Le parole che ho utilizzato in questo progetto sono termini intraducibili e parlano del rapporto tra gli esseri umani e la natura e arrivano da lingue diverse, molte delle quali minoritarie che a stento resistono all’uniformazione. Sono parole che non hanno corrispettivi in altre lingue e quindi non possono essere tradotte ma solamente spiegate con dei concetti. Nel rischio della loro scomparsa vi è la cancellazione permanente della ricchezza legata a quella biodiversità linguistica che queste parole intraducibili hanno la capacità di esprimere in modo così efficace.
Così, possiamo scoprire che Anshim in coreano significa avere l’anima in pace, sentirsi in armonia con sé stessi e con il mondo, oppure che nelle Filippine la parola Balikwas significa abbandonare la propria zona di comfort, dubitare delle certezze, cambiare il proprio punto di vista, vedere le cose in modo diverso e nuovo. O possiamo farci stupire da parole come Dadirri, che nella lingua aborigena in Australia serve per esprimere la quieta contemplazione e l’ascolto profondo della natura e del creato, la pace con sé stessi e con le altre creature, o da un termine come Friluftsliv, utilizzata in Norvegia per definire un’esperienza di reale connessione con l’ambiente, grazie alla quale una persona si sente a casa quando è in mezzo alla natura selvatica, anche in luoghi in cui non è mai stata, oppure ancora dalla parola Ubuntu, che nell’Africa meridionale serve per indicare “benevolenza verso il prossimo”, una regola di vita basata sul rispetto dell’altro e sul sentirsi parte di una grande comunità.
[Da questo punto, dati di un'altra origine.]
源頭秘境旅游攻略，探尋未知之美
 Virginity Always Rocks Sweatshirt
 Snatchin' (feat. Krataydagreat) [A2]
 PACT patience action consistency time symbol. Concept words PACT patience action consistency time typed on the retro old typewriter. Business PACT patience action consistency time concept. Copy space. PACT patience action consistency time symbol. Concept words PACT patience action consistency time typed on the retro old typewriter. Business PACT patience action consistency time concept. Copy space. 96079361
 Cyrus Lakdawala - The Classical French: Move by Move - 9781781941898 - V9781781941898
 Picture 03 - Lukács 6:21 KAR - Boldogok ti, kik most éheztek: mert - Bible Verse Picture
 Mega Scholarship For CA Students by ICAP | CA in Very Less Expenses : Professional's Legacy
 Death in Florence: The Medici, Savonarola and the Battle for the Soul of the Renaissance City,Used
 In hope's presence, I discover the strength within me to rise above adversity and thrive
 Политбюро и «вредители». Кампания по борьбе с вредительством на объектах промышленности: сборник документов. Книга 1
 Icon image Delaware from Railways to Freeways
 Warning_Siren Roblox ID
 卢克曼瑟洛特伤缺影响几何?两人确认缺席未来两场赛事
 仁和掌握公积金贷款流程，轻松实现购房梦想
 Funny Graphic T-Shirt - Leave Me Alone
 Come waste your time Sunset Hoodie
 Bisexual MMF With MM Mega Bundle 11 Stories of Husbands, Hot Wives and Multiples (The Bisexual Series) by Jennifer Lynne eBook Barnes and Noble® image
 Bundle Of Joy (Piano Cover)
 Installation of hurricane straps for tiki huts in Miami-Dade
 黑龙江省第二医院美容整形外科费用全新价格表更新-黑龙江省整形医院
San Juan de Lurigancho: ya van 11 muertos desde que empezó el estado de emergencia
Queste parole intraducibili parlano del rapporto tra gli esseri umani e del rapporto con la natura. Il luogo in cui La ragione nelle mani ha preso forma è un territorio montano, decentrato, una valle Alpina, dove la natura ha un forte impatto sui ritmi della quotidianità e dove le varie comunità hanno ancora la capacità di riconoscersi attraverso un’identità territoriale. Il legame che c’è tra questo luogo e alcune parole che arrivano da lingue lontane e minoritarie sta in una parola: biodiversità. In un territorio come quello della Valcamonica la biodiversità appartiene alla natura, come lo dimostra il fatto che è considerato uno tra i territori europei con la più alta biodiversità vegetale, ma passa soprattutto attraverso i saperi che sa esprimere, saperi che sono a rischio perché non più in grado di reggere il confronto con una contemporaneità che tende sempre più verso l’omologazione. Nelle parole intraducibili utilizzate si riflette una biodiversità che in questo caso è linguistica, e che è a rischio. Se spariscono le parole, si perdono i saperi. Allora, la biodiversità diventa per me il “luogo” dove trovare nuove alleanze per preservare quella “complessità” di cui abbiamo bisogno per salvaguardare il futuro delle generazioni che verranno.